I say these things having watched a number of women over the years mount the podium to direct the orchestra – conductors from overseas such as Dalia Atlas, Jane Glover, Odaline de la Martinez, Simone Young and Suzanna Malkki, and more recently, homegrown talents such as Holly Mathieson, Tianyi Lu and Gemma New, the latter having been appointed the orchestra’s Principal Conductor in 2022.  So, if women are of late no strangers to the conductor’s role here in New Zealand with the country’s leading orchestra, what was it about Han-Na Chang’s appearance that constituted something special?

The difference for me was that, unlike with the names mentioned above, Han-Na Chang’s was one completely unknown to me, as have been the names of many of the NZSO’s guest conductors of recent times. She is a fully-qualitied representative of a wider world of music-making which we in this country can only guess at regarding its range and scope , but can experience through the tried-and-true “guest conductor” system, one in which gender seems no longer an issue!

As with any unknown podium guest, the question “What will she be like?” was on the lips of anybody “not in the know”, as the diminutive Han-Na Chang made her entry and mounted the podium. First up in the programme was a local work by the highly-respected Auckland composer Leonie Holmes, one which had received its world premiere the night before in Auckland and was now making its Wellington debut.
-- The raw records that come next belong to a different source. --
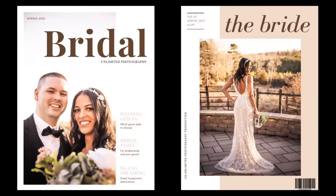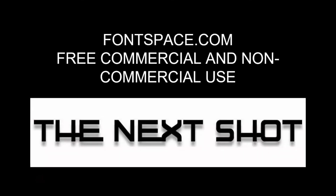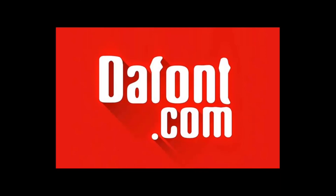Next we want to cover fontspace.com, which I found while playing around with font searches. They have free commercial and non-commercial use fonts. Here's one of the fonts I did from that website — saved it as a PNG and JPEG so I can use it on various projects. Photoshop has a lot of pre-loaded fonts, but there are also some you can download and add to your library.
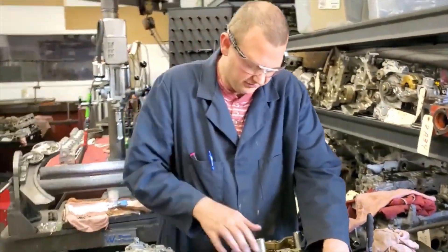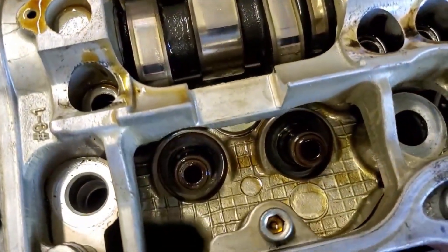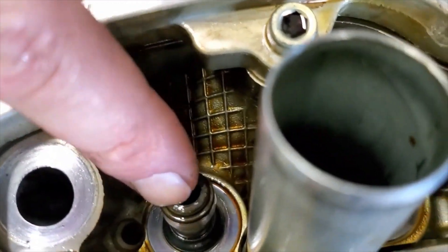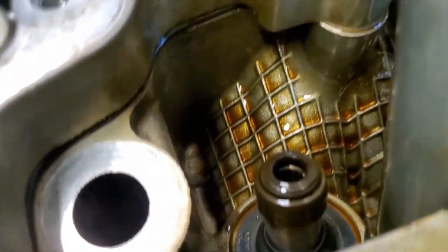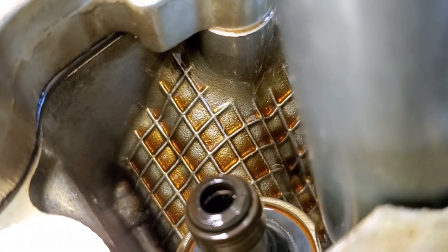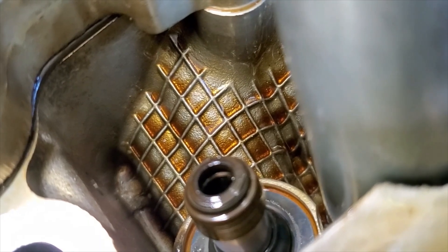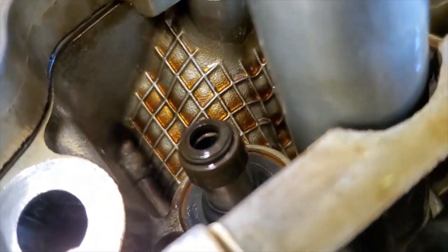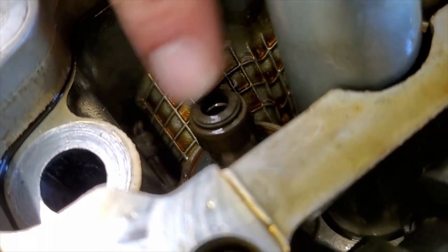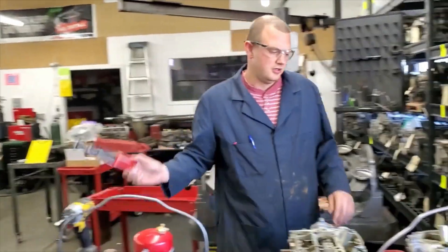I'm going to pull these valve stem seals off. They're a little crispy and hard — they should be pretty malleable rubber. If I poke this thing, it doesn't really move; it's hard. That's a good sign of something that's about 100,000 miles on it. We sell blue Viton valve stem seals that hold up to a lot better heat and last a lot longer than these polyurethane valve stem seals that come with a factory head.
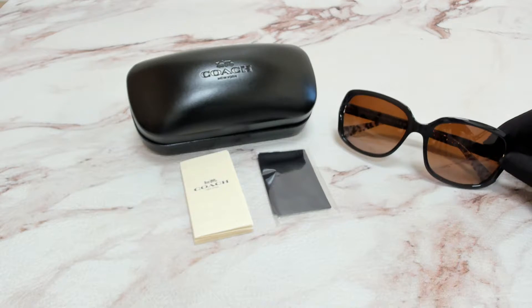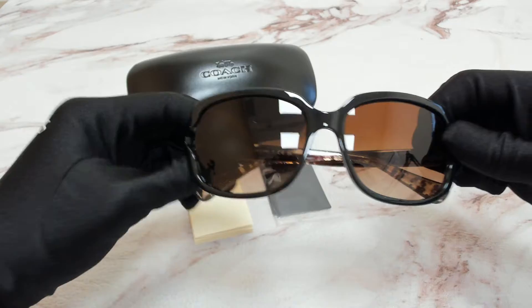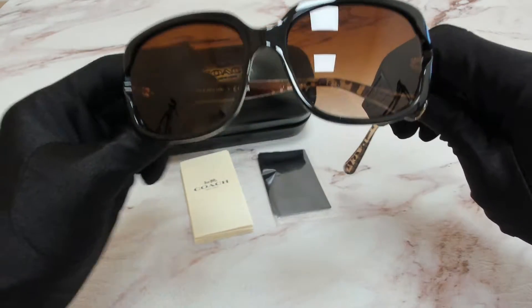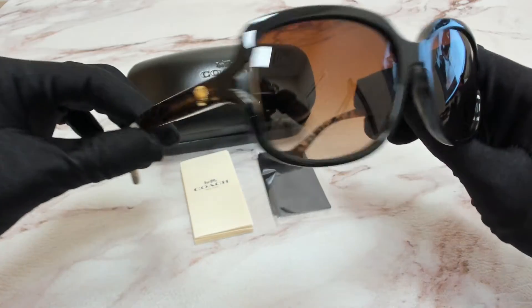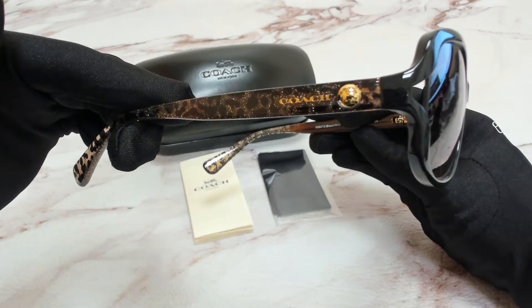The color of the frame is black, a wild beast, and gold color. The lenses are a brown gradient with a square shape. On its temples, you'll find the Coach logo.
For a guest conductor to make her NZSO debut with a premiere of a work by a local composer seemed like a boldly positive and forthright gesture, and certainly one which gave Leonie Holmes’s composition I watched a shadow plenty of added interest.

The programme note for this new work contained the words of the poem by Wellingtonian Anne Powell which inspired Holmes’s music, a meditation on the world of nature’s ebb and flow encapsulated in a single crepuscular-like event, a hill embraced by its own shadow. The sounds took the form of an orchestral rhapsody, beginning with a percussive splash and slowly building an austere soundscape, grounded in string-texturings but with waves of contrastingly-flavoured disturbances, like a kind of gradual oceanic movement enlivened by wind-and-brass irruptions.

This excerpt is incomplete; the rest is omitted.